In the Wikipedia article about the Breton delicacy Kouign-amann, there is the following statement:

The Welsh equivalent is the etymologically identical cacan menyn, literally 'cake (of) butter'.

It isn't clear from the article whether there actually is an equivalent Welsh recipe, or if the text is pointing out a similarity between the Welsh and Breton languages.

Is there a Welsh recipe called cacan menyn?

  • 2
    For a start there's a typo: my Welsh dictionary has cacen*=>*cake, but cake*=>*teisen. I've seen a few hints as to the existence of both cacen menyn and teisen menyn, but nothing definitive.
    – Chris H
    Commented Sep 11, 2019 at 10:25
  • It looks like the name originates from the Briton language, which is essentially the same as some regions of Wales (closer to Southen dielectric), but the wiki page makes no mention of anything but the language. My family is welsh and I've never seen a cake like this.
    – Gamora
    Commented Sep 12, 2019 at 14:58

2 Answers 2


I've had a whole lot of Welsh desserts based largely on butter :-), but never anything approaching a kouign amann. Never anything approaching it anywhere else than in Brittany in fact, or made by Bretons. Your problem may be a lot greater than a linguistic translation. There's a reason there's not an equivalent in French for instance.

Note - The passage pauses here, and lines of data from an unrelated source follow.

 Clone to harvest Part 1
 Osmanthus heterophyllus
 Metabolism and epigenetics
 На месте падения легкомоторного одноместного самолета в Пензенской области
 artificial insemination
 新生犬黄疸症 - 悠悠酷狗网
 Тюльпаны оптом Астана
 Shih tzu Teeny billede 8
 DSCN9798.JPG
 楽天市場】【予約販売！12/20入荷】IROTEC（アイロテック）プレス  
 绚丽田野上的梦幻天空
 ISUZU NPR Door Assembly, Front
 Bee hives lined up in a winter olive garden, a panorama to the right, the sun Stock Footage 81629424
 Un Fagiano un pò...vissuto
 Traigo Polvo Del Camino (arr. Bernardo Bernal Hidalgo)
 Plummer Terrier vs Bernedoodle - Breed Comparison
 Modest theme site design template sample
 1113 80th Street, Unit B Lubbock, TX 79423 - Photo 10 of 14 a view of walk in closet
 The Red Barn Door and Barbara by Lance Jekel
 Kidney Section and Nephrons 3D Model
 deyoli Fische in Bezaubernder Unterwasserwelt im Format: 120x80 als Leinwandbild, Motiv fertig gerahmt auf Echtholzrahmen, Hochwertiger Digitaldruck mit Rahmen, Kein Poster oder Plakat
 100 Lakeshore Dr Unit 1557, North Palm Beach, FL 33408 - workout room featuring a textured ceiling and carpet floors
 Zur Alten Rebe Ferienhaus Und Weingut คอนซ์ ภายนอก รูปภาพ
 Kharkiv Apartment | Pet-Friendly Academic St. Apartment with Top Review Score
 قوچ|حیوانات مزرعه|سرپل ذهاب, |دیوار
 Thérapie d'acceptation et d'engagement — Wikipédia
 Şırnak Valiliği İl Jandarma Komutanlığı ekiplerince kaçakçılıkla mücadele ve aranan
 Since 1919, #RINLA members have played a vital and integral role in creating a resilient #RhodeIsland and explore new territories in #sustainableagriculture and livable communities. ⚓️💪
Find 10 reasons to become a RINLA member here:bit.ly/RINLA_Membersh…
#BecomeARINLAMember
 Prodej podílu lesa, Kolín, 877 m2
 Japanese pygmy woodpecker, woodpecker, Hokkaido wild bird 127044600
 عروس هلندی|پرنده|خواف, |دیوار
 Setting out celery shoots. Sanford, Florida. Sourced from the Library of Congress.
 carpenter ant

There doesn't appear to be (I know very little Welsh but enough to guess at a few terms with the aid of a dictionary).

There are a few recipes called "cacen menyn" (note the typo in Wikipedia) but they differ from kouign amann, and certainly aren't the celebrated dish that kouign amann is. Various recipes under similar names have less butter and don't use layer in butter and sugar like in kouign amann.

This one for example uses baking soda (the kuoign amann recipes I've seen use yeast) and has added nuts and chocolate icing.

If you can get hold of a copy of "Favourite Welsh teatime recipes" you may find something under the same name.